The rallies have presented a positive vision and voice for education. This is in stark contrast to the Coalition government, whose continual denigration of our schools, teachers and pupil attainment has caused widespread dismay. This, alongside a backdrop of perpetual changes to school structures and education policies, often ignoring the opinions and wishes of parents and professionals, has left many sectors of society angry and frustrated.

If Gove is successful parents will increasingly find their children being taught by a ground-down and demoralised workforce. Students will experience a diminution of access to the diversity of an enriching curriculum. If Gove is not stopped by this wave of resistance it could mark a terminal blow to public sector education and pave the way for his ultimate goal of a privatised system managed by the bloodsuckers currently running some academies and free schools.

On those two strike days in October we can expect to see ritualistic denunciations from coalition ministers of striking teachers for depriving children of a day’s education. This is sheer hypocrisy from a government that is threatening to deprive whole generations of quality of provision.

School on Saturdays?

Michael Wilshaw, boss of Ofsted and Gove’s leading attack dog, recently exposed the meanness at the heart of the coalition education agenda with his claim that:

A lot of my teachers at Mossborne and St Bonaventure’s, where I was head in the 80s and 90s, worked with the children late into the evenings, enjoyed coming in on Saturday mornings.  There’s great pleasure from it.”

It doesn’t take a great leap of imagination to visualise how most teachers who already struggle to cope with the five-day treadmill of unnecessary workload would react to the prospect of being coerced into losing a chunk of their weekend as well. Gove has already made clear his equally hare-brained commitment to snatch the much cherished long summer break.

Not only would his meddling with the summer holiday deprive teachers and children of essential psychological downtime in the school year, it would cause chaos for parents who have children in different schools and who are used to a coordinated approach by councils. As usual, this is an entirely ideologically motivated attack by Gove aimed at undermining local authority control of education. There is absolutely no demand from parents or educators for this proposal.

The work-life balance would also be shredded by other parts of the Gove agenda. PPA time currently guarantees teachers an essential minimum period of allocated space on the timetable for preparation and marking outside the classroom. Gove would hand this over to the discretion of headteachers. Any teacher unlucky enough to work for a head like Wilshaw could expect to wave  goodbye to their social life. Increased levels of cover, exam invigilation and pointless paperwork can  also be anticipated if Gove gets his way.

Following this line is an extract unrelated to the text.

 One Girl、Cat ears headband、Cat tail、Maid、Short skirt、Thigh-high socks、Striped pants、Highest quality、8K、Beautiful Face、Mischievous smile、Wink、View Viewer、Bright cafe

Teachers at the tipping point

Many teachers are already at breaking point regarding workload and the Gove agenda might just prove to be the tipping point for them. One young female teacher blogger has vividly recounted her mounting levels of alienation and exploitation:

PPA time? Ha! What a joke! I only get three hours of that a week and it’s usually swallowed by meetings, intervention, dealing with student behaviour incidents or supporting other colleagues. No, ALL of my lesson planning and marking takes place in my own time, after 7pm in the evening or at weekends. And of course, I’m expected to teach outstanding lessons, so I can’t just pick up something I’ve used before and churn it out. No, I have to be creative, I must personalise the learning, I must make each task more engaging, more entertaining, more fun, more creative. It’s exhausting just to read about it, let alone live it. Goodbye social life. Goodbye, evenings. Goodbye, weekends. Hello work.

This is the reality of the teaching profession in the age of austerity-not Wilshaw’s dream of teachers stampeding through the school gates on a Saturday morning or Gove’s vision of them sat slumped at their desks in August. Doubtless, this teacher’s articulation of the downside of the job would see her labelled as one of the ‘enemies of promise’ who Gove thinks are responsible for declining standards.

Comply or else

Nor is there any enthusiasm for other aspects of Gove’s proposed changes to the status of teachers. He is threatening to remove numerous parts of the pay structure that have made the job attractive to idealistic and dedicated graduates over recent decades. No longer would teachers moving schools be guaranteed the same salary.

Automatic pay progression would be phased out and replaced with a threshold system that leaves staff vulnerable to pressure to comply with bullying managers.  Instead of the job being seen as an essentially collaborative exercise between trusted colleagues, teachers would be pitted against each other in a grubby competition for promotion.

Many staff already complain about lesson observations being used as a weapon by bullying managers.  The Gove agenda would mean teachers fearing their mortgage could be in the hands of an unsympathetic senior colleague with a clipboard at the back of the class.  Teachers with a reputation for creative independence or displaying an unhealthy interest in union activity would undoubtedly be targeted under this system.

All this would be alongside an estimate that teachers already stand to lose over 15% of take home pay over the duration of this government.

The pension reforms also mean teachers face the grim prospect of working till they are 68.

Rigour mortis

Gove tries to legitimate his ideological offensive with a heap of smoke and mirrors claims about falling standards and the need to inject greater rigour into the curriculum. As John Yendall from the Institute of Education points out, this is spurious nonsense and conceals an ill-disguised reactionary agenda:

This word rigour has become a stick to beat the GCSEs with. This word rigour has become a weapon in Gove’s class war.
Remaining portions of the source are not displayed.